Viktar Martinowich (also Victor Martinovich; Belarusian: Віктар Вале́р'евіч Марціновіч, Viktar Marcinovič, Russian: Ви́ктор Вале́рьевич Мартино́вич; born (1977-09-09)September 9, 1977) is a Belarusian writer and art historian.

Biography[edit]

Viktar Martinowich was born in Ashmyany, Belarus. In 1999 he graduated from the Faculty of Journalism of Belarusian State University (BSU), and in 2002 he obtained a PhD from BSU with a thesis about the Vitebsk avant-garde art in Soviet newspapers of the 1920s.[1]

From 2002 to 2015, he was a deputy editor-in-chief of the BelGazeta newspaper.[2]

On June 27, 2008, at the Vilnius Academy of Arts (Lithuania), he defended his PhD thesis on the topic "Vitebsk avant-garde (1918-1922): socio-cultural context and art criticism".[3]

He is an associate professor at the European Humanities University (Vilnius, Lithuania).

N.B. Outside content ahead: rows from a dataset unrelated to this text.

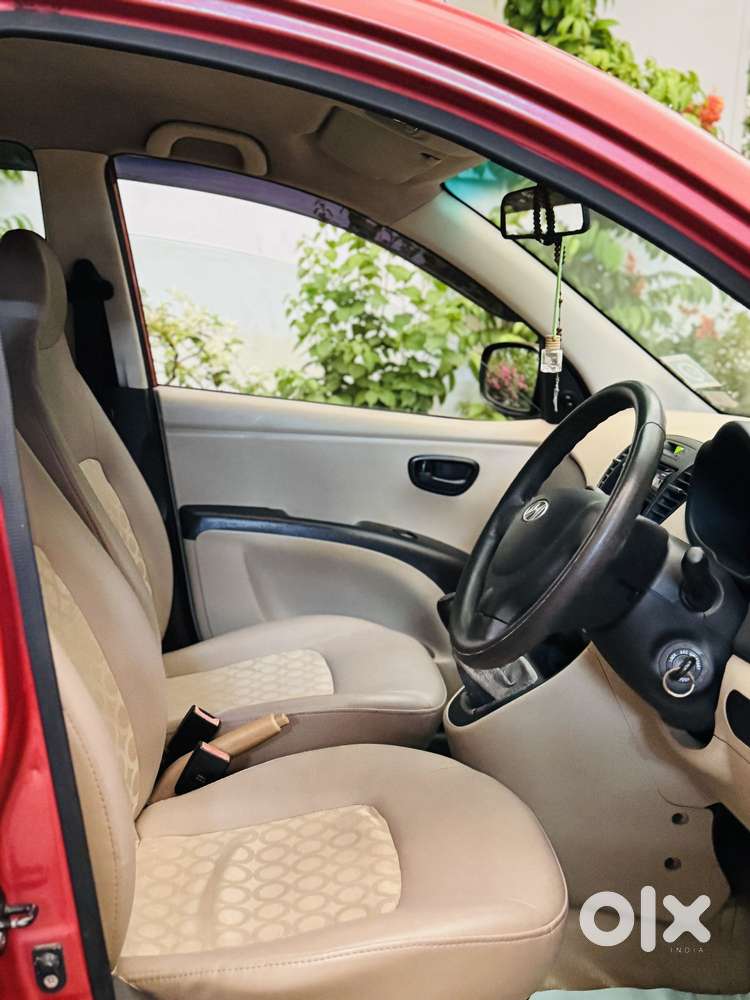 Hyundai I10 Magna, 2010, Petrol
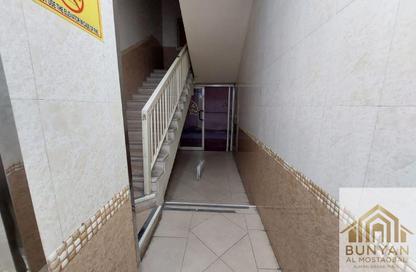 Whole Building - 7+ Bedrooms - 7+ Bathrooms for sale in Al Naemiya Tower 2 - Al Naemiya Towers - Al Nuaimiya - Ajman Whole Building - 7+ Bedrooms - 7+ Bathrooms for sale in Al Naemiya Tower 2 - Al Naemiya Towers - Al Nuaimiya - Ajman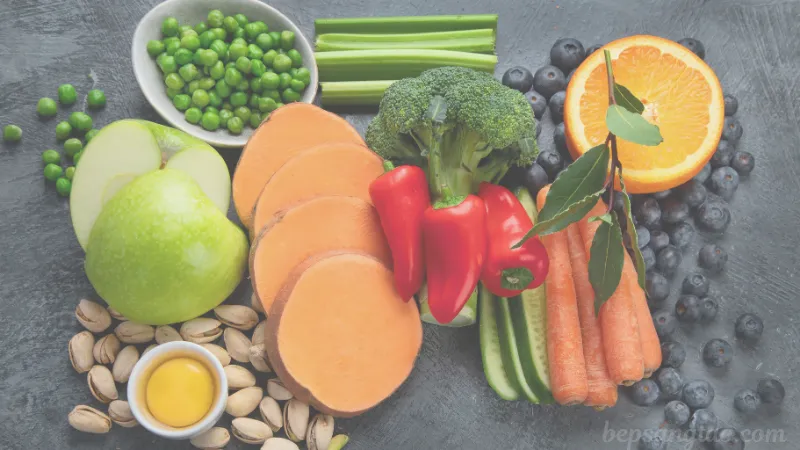 Lutein & Zeaxanthin
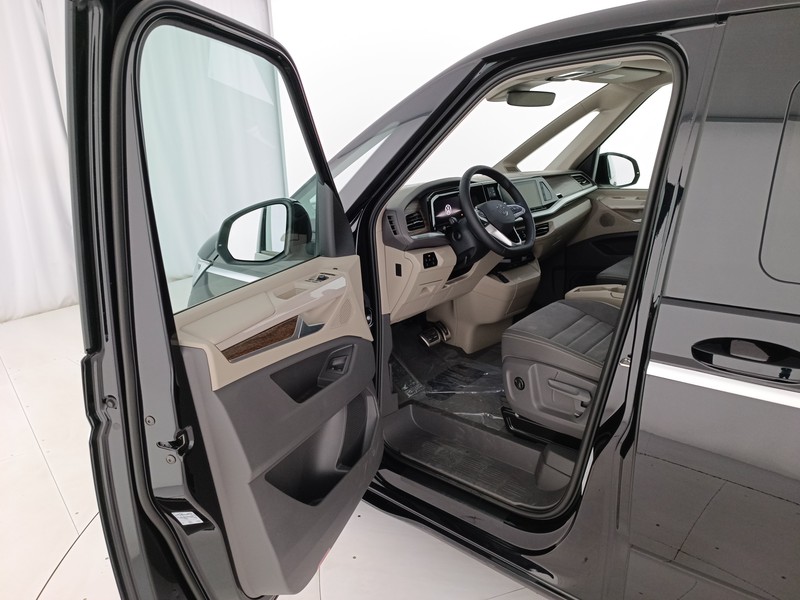43 - Volkswagen VIC T7 Multivan 1.5 phev style 4motion 245cv dsg 7p.ti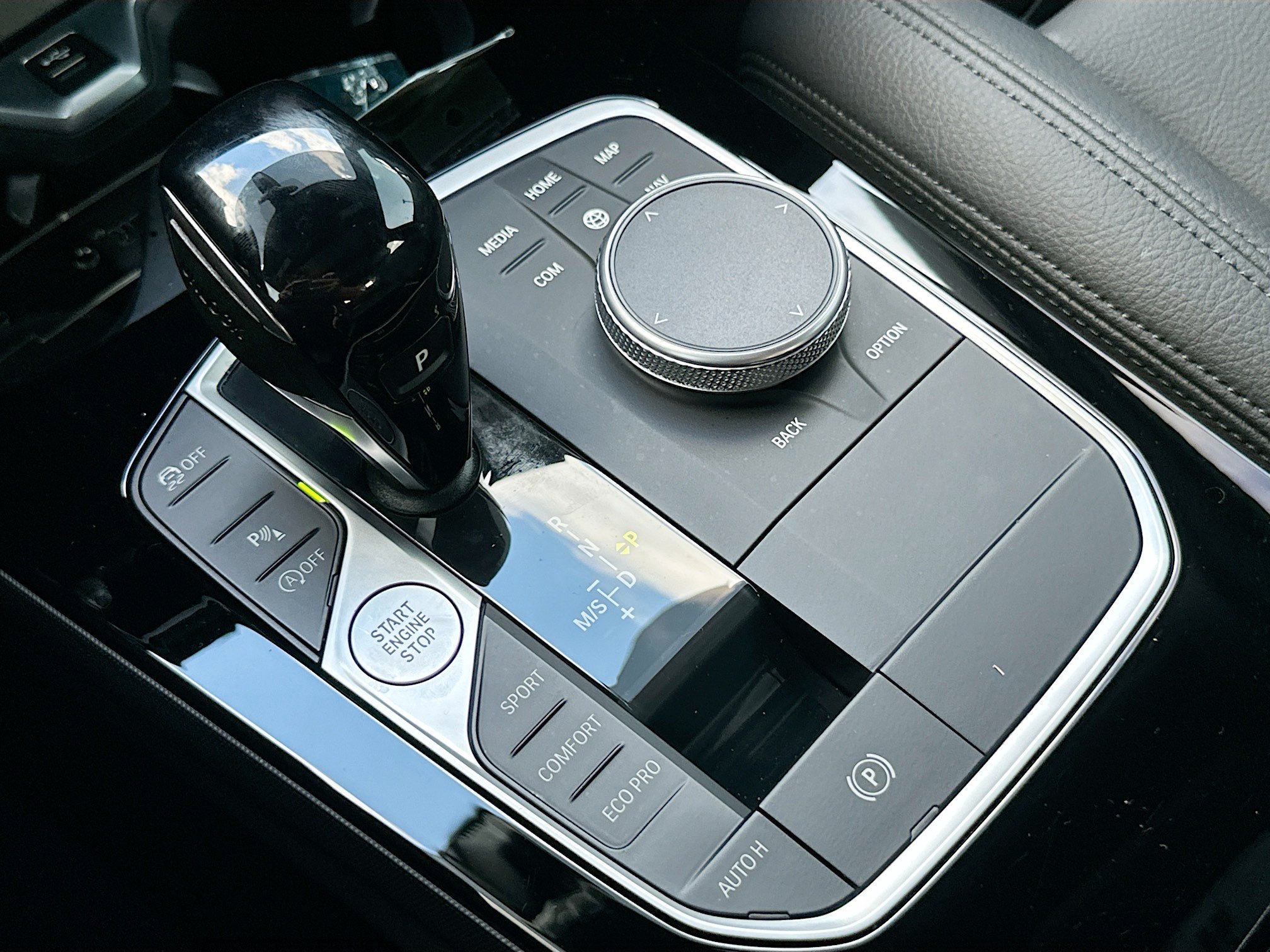 Used 2022 BMW 228i Gran Coupe w/ Convenience Package FWD image 17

Martinowich is an author of 6 fiction novels, 7 plays, 1 non-fiction books, numerous academic articles and essays.

Fiction novels[edit]

Since 2009, Martinowich has written 6 novels. The novels were written in Belarusian or Russian alternately. Most of the novels have also been translated and published in the US, Germany, Sweden, Finland, and Latvia. Martinowich's books received attention and awards from Belarusian and Russian literature societies,[4][5][6] among others he received the Encouragement Award of the European Science Fiction Society in 2014.[7][8]

Paranoia[edit]

His first fiction book, Paranoia, was published in 2009. The book was published in Russia (AST Publishing) and was banned for sale in Belarus. The text was positively reviewed in the New York Review in 2010 by Timothy Snyder.[9] and in the New York Times in 2013 by Arkady Ostrovsky.[10] In 2012, Paranoia was published in Finland. In 2013, North Western University Press published an English translation of Paranoia, prepared by Diane Nemec Ignashev, Professor of Slavic Literature at Carleton University. The foreword to the book was written by Timothy Snyder.[11] In 2014, German translation of the book is published by Voland und Quist and received positive reviews in Frankfurter Allgemeine zeitung,[12] Tagesspiegel,[13] and German Culture radio.

Cold Paradise[edit]

The second fiction novel by Martinowich, Cold Paradise, has been published as e-release in Belarusian language on the label Piarshak.[14] Cold Paradise is a political thriller and literary puzzle simultaneously. It tells a story of a girl who fled from the country after a long hunt by local secret services. Narration guides the reader through the series of episodes that totally destroy the first impression of what started like a nice love story.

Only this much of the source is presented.